_DATA SUPPLIED:_
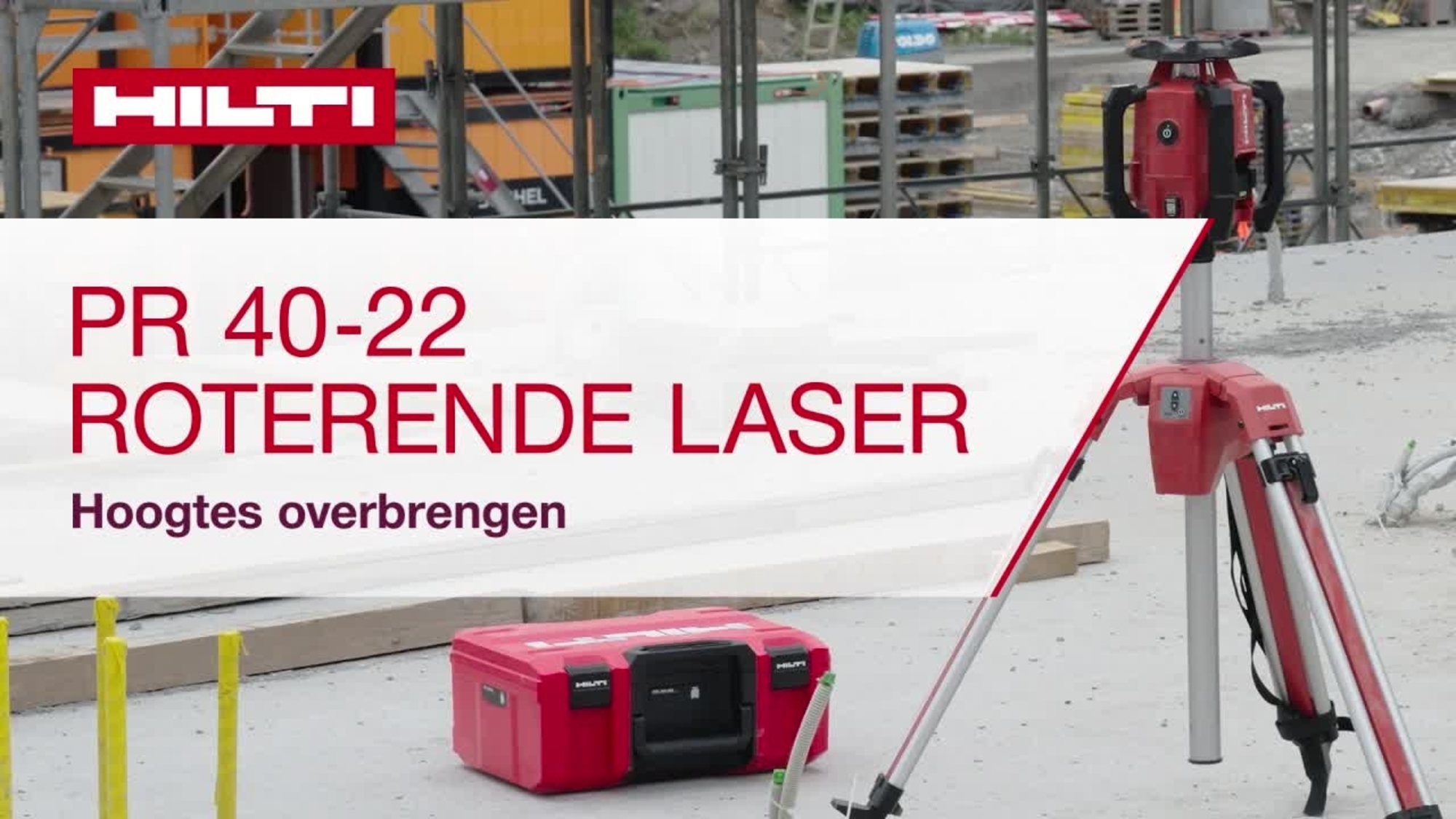 Vidéo didactique montrant le transfert correct de hauteurs avec le laser rotatif PR 40-22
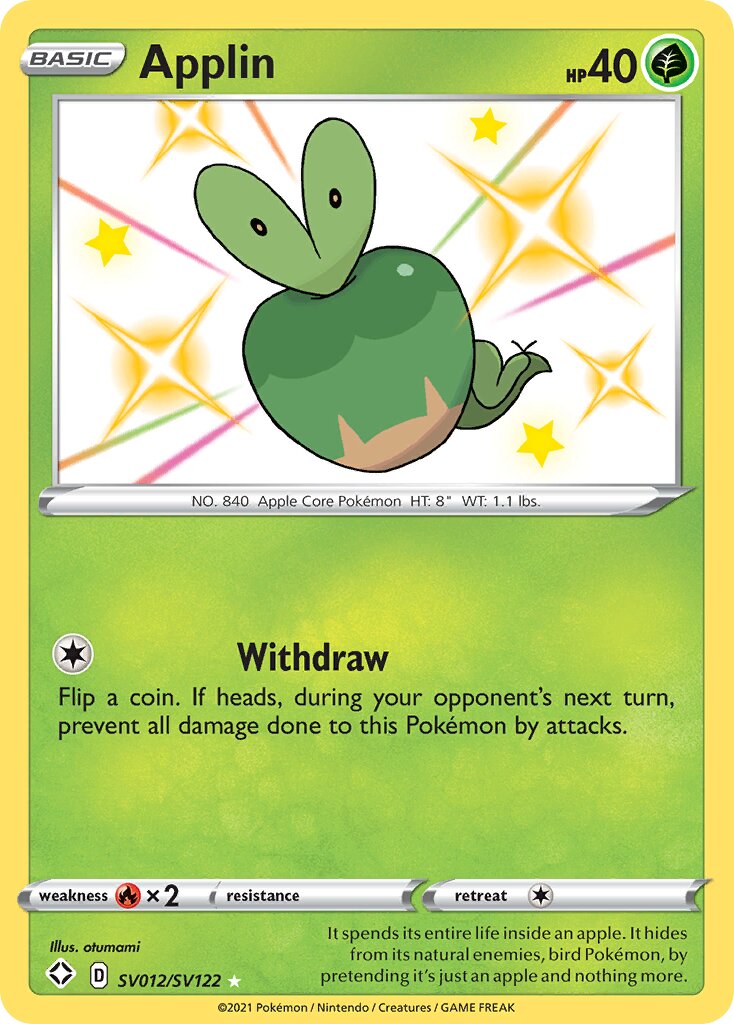 Applin SV012/SV122 — Shining Fates (English Pokémon TCG card)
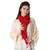 Wool shawl, 'Cherry Web' - Red Wool Shawl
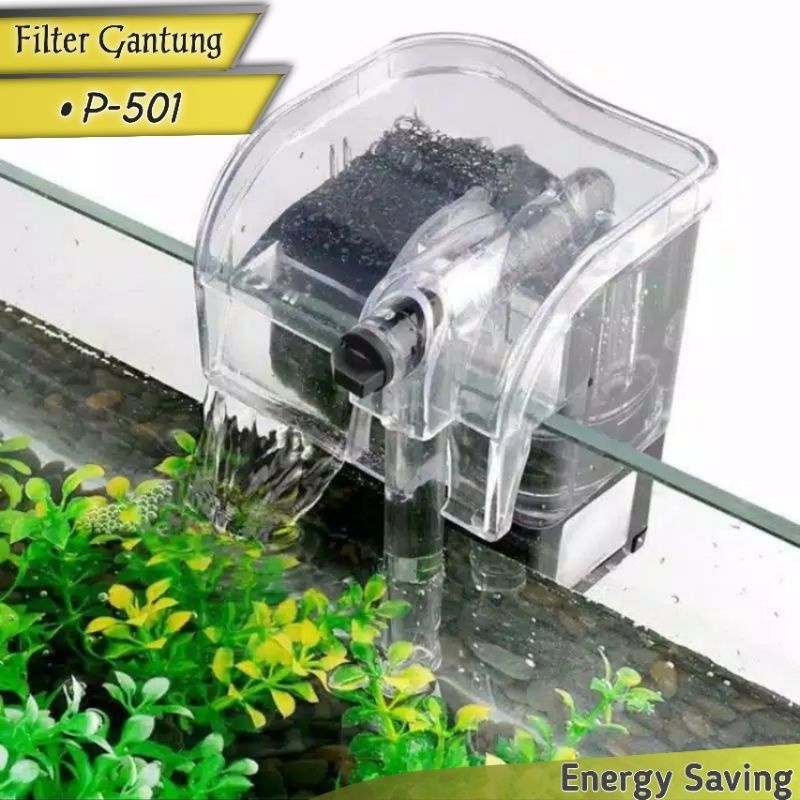 Pompa Filter Hangon Gantung Skimmer Pembersih Penjernih Air Aquarium Aquascape Mini Kecil Tanpa Kuras 501 502 503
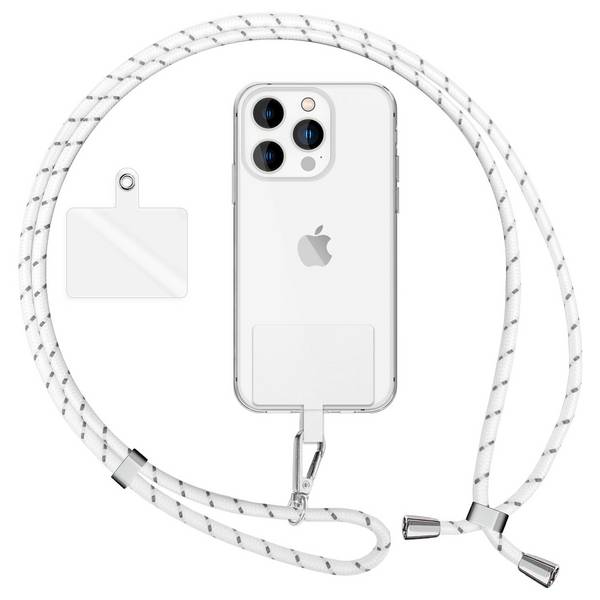 Universal Handykette zum Umhängen mit Pad & Karabiner-Haken für Smartphone Hülle Weiß Grau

_TASK OBJECTIVE:_ All the records above must be retyped exactly, except for their pictures.

_TASK OUTPUT:_
 Vidéo didactique montrant le transfert correct de hauteurs avec le laser rotatif PR 40-22
 Applin SV012/SV122 — Shining Fates (English Pokémon TCG card)
 Wool shawl, 'Cherry Web' - Red Wool Shawl
 Pompa Filter Hangon Gantung Skimmer Pembersih Penjernih Air Aquarium Aquascape Mini Kecil Tanpa Kuras 501 502 503
 Universal Handykette zum Umhängen mit Pad & Karabiner-Haken für Smartphone Hülle Weiß Grau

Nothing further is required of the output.